Und nun kommt ein wirklich grosser Schritt: Deutschland und Frankreich entwickeln ihr künftiges Kampfflugzeug gemeinsam und zwar mitsamt einem umfassenden Luftverteidigungssystem mit Drohnen, Satelliten und Lenkwaffen.
Die deutsche Bundeskanzlerin Angela Merkel sagte neulich auf der Luftfahrtmesse in Berlin: «Wir beschaffen gemeinsam Luftfahrzeuge, wir bilden gemeinsame Staffeln, wir führen gemeinsame Auslandmissionen durch.»
Aus Konkurrenten werden Partner
Verteidigungsministerin Ursula von der Leyen nimmt schon Abschied von der Gegenwart: «Heute stehen auf dem Rollfeld noch ein Eurofighter und ein Rafale nebeneinander. In Zukunft wird es ein Flugzeug für beide Nationen geben.»
Konkurrenten – Airbus und der französische Rüstungskonzern Dassault – werden zu Partnern. Laut Dassault-Konzernchef Eric Trappier könne man nur so den Amerikanern die Stirn bieten, welche die europäische Rüstungsindustrie und die europäische Rüstungszusammenarbeit bekämpften.

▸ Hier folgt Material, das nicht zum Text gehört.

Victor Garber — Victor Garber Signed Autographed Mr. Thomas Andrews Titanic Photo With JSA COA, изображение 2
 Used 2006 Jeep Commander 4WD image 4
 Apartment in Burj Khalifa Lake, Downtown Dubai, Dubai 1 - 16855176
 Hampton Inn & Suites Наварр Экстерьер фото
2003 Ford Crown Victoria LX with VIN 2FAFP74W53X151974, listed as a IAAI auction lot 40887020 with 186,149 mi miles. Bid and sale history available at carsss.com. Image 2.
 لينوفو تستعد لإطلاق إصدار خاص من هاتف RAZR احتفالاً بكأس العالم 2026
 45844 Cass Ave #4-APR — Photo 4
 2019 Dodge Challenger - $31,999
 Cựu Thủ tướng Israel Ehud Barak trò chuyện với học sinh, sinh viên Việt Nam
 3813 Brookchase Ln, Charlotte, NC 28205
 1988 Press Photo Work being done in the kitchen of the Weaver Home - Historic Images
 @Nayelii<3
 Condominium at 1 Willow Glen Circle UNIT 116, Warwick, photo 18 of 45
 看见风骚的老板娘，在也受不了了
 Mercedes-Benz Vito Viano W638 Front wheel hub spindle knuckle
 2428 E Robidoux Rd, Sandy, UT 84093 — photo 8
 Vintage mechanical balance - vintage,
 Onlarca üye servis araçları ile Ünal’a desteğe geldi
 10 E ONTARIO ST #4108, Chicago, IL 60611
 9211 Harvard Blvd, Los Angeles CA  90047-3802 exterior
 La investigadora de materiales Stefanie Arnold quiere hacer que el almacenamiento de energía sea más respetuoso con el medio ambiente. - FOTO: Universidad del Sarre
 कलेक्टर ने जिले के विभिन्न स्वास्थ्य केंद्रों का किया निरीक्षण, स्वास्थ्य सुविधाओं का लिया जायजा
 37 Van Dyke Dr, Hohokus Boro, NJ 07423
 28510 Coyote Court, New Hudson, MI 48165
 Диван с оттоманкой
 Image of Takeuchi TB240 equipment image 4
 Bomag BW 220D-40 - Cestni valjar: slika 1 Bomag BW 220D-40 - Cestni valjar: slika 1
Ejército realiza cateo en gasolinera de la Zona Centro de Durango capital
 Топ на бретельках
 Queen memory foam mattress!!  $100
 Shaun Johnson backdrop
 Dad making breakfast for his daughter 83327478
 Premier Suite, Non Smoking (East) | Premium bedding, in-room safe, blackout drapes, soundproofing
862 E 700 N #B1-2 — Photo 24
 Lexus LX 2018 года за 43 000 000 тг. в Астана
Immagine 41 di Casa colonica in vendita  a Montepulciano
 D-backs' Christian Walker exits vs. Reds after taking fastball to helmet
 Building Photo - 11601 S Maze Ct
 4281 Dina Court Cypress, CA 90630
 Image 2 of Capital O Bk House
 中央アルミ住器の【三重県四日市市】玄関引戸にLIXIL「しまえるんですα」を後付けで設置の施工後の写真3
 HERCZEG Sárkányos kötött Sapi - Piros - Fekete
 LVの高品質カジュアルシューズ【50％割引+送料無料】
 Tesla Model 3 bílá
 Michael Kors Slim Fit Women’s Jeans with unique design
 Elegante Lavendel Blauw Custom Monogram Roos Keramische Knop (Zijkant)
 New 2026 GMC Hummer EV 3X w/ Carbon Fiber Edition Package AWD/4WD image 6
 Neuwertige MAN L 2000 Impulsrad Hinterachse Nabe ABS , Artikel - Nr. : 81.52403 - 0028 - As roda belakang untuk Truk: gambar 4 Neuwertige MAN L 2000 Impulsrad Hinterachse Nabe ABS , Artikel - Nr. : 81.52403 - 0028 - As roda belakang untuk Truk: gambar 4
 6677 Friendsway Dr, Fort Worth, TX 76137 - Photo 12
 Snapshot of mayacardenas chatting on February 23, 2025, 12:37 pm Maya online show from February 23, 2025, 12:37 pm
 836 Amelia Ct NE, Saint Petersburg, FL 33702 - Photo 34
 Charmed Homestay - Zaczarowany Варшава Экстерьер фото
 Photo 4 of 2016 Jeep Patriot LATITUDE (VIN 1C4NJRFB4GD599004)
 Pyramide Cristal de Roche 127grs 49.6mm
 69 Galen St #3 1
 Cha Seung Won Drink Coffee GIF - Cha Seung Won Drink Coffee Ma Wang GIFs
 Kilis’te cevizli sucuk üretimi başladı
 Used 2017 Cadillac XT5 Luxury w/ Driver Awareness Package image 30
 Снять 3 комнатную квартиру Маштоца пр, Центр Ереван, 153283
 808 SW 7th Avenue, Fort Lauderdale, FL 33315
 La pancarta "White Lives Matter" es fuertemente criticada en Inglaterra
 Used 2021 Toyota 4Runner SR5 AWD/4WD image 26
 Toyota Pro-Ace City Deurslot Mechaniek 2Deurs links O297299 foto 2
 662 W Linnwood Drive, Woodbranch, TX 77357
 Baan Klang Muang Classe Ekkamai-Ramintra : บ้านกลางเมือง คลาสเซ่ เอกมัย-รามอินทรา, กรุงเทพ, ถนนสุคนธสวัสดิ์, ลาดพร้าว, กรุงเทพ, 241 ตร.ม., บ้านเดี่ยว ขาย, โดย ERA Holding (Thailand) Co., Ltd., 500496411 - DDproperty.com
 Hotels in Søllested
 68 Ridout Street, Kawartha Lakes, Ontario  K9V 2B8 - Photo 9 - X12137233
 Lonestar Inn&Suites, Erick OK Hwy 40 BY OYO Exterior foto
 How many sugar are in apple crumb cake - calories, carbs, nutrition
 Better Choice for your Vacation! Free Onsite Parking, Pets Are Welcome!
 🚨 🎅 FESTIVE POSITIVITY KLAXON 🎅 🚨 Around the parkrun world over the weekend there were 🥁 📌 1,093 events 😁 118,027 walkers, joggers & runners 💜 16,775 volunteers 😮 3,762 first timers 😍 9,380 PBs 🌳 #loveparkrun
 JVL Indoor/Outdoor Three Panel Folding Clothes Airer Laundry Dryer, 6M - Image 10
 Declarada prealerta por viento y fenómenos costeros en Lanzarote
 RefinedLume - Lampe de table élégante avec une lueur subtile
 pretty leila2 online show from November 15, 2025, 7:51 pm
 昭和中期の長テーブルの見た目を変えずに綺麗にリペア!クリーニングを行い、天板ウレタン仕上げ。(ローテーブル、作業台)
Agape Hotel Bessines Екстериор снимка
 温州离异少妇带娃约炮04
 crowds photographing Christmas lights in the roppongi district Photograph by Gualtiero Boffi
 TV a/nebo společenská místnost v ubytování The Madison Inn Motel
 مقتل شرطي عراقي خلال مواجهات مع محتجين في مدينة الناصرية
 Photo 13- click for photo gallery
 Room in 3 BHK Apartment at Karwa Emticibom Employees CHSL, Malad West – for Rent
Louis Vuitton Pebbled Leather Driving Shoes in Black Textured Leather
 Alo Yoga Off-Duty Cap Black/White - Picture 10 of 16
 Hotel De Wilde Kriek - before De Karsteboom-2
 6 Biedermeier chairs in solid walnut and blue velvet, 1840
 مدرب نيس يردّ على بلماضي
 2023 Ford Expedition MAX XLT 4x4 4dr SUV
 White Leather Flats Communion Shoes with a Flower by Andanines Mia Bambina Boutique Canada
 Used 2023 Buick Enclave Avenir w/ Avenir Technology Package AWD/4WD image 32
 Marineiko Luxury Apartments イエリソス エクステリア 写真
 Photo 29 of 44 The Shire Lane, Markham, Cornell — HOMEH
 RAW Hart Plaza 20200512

Die Marschrichtung ist nun vorgegeben. Offen bleibt, ob der Schulterschluss zwischen Paris und Berlin die Briten, die Italiener oder die Spanier ausschliesst? In Grossbritannien, wo sich der Sitz des Rüstungsriesen BAE-Systems befindet, ist das ein grosses Thema.
Deutsch-französische Dominanz?
BBC-Wirtschaftsreporter Theo Leggett bleibt zuversichtlich: «Europäische Verteidigungsvorhaben sind auf viele Partnerschaften angewiesen, das zeigt die Geschichte.» Entwicklungs- und Produktionszyklen im Rüstungsbereich sind enorm lang.
Der neue deutsch-französische Kampfjet wird kaum vor dem Jahr 2035 fertig und wohl erst 2040 serienmässig ausgeliefert. Bis wirklich Kosteneinsparungen und Kampfkraftsteigerungen erzielt werden, dauert es also noch.